[Available data Boundary: Start]

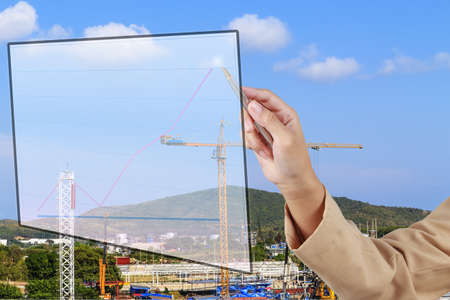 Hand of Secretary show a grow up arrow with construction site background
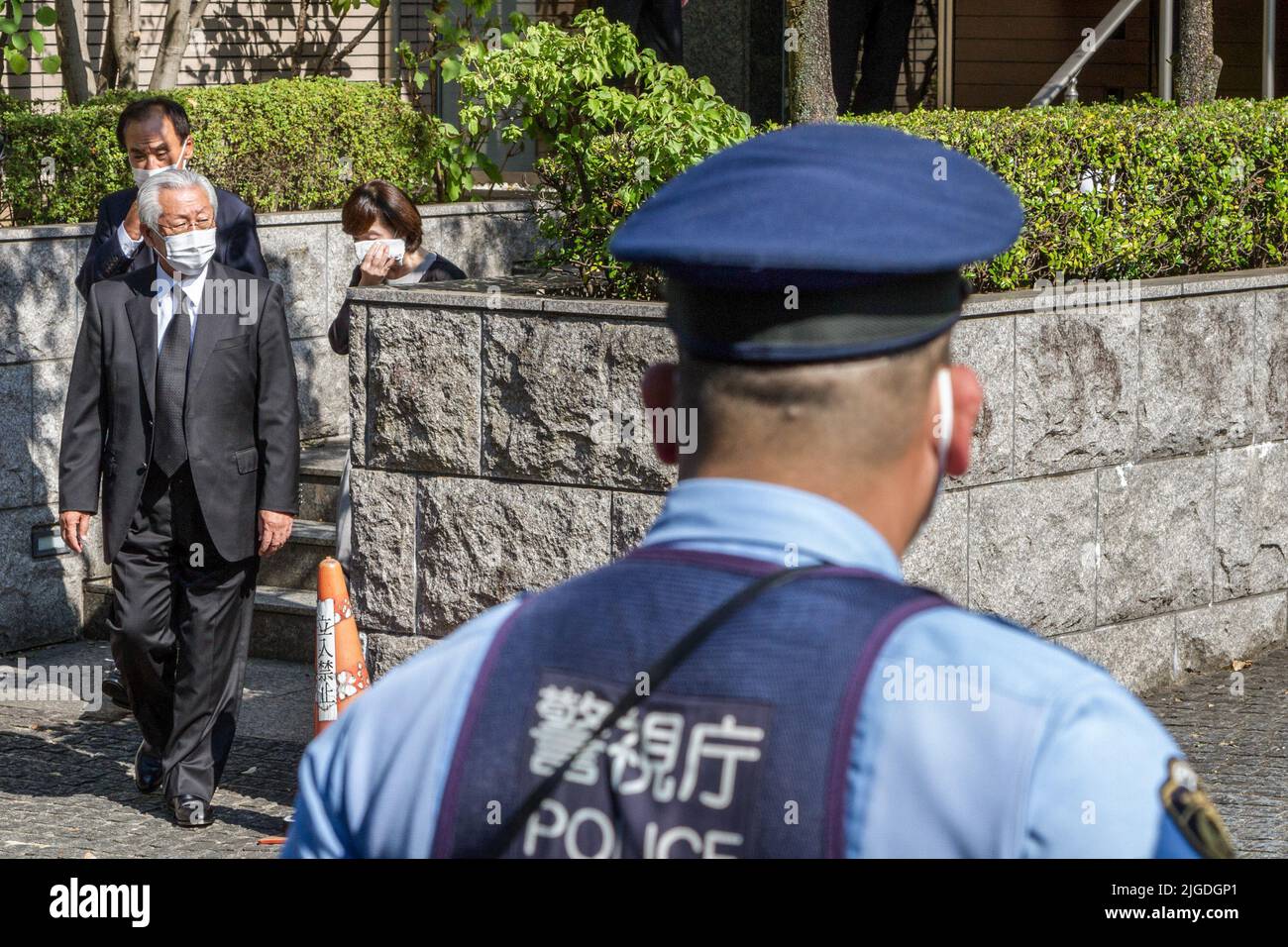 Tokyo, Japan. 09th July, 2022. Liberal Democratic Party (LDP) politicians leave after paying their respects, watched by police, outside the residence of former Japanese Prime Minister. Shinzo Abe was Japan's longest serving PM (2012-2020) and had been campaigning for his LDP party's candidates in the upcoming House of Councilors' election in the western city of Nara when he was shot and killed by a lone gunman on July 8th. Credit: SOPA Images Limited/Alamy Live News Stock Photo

[Available data Boundary: End]
[Available data Boundary: Start]

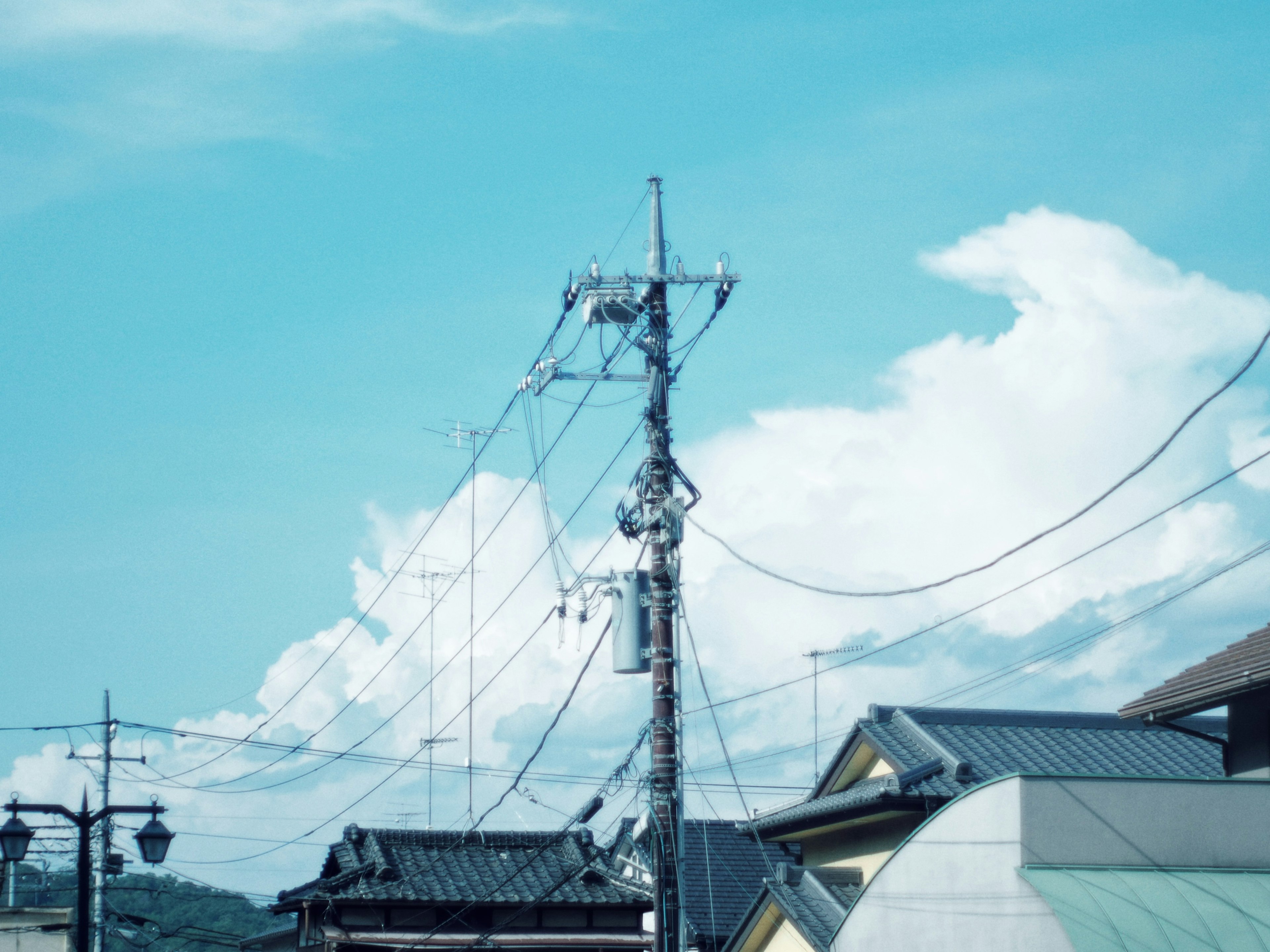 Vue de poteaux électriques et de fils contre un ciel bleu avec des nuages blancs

[Available data Boundary: End]

## What to work on
When you reach the line holding "Hand of Secretary" in the listing above, begin retyping exactly, and stop once the line holding "Tokyo, Japan. 09th" is done; pictures stay out.

## Exercise response
 Hand of Secretary show a grow up arrow with construction site background
 Tokyo, Japan. 09th July, 2022. Liberal Democratic Party (LDP) politicians leave after paying their respects, watched by police, outside the residence of former Japanese Prime Minister. Shinzo Abe was Japan's longest serving PM (2012-2020) and had been campaigning for his LDP party's candidates in the upcoming House of Councilors' election in the western city of Nara when he was shot and killed by a lone gunman on July 8th. Credit: SOPA Images Limited/Alamy Live News Stock Photo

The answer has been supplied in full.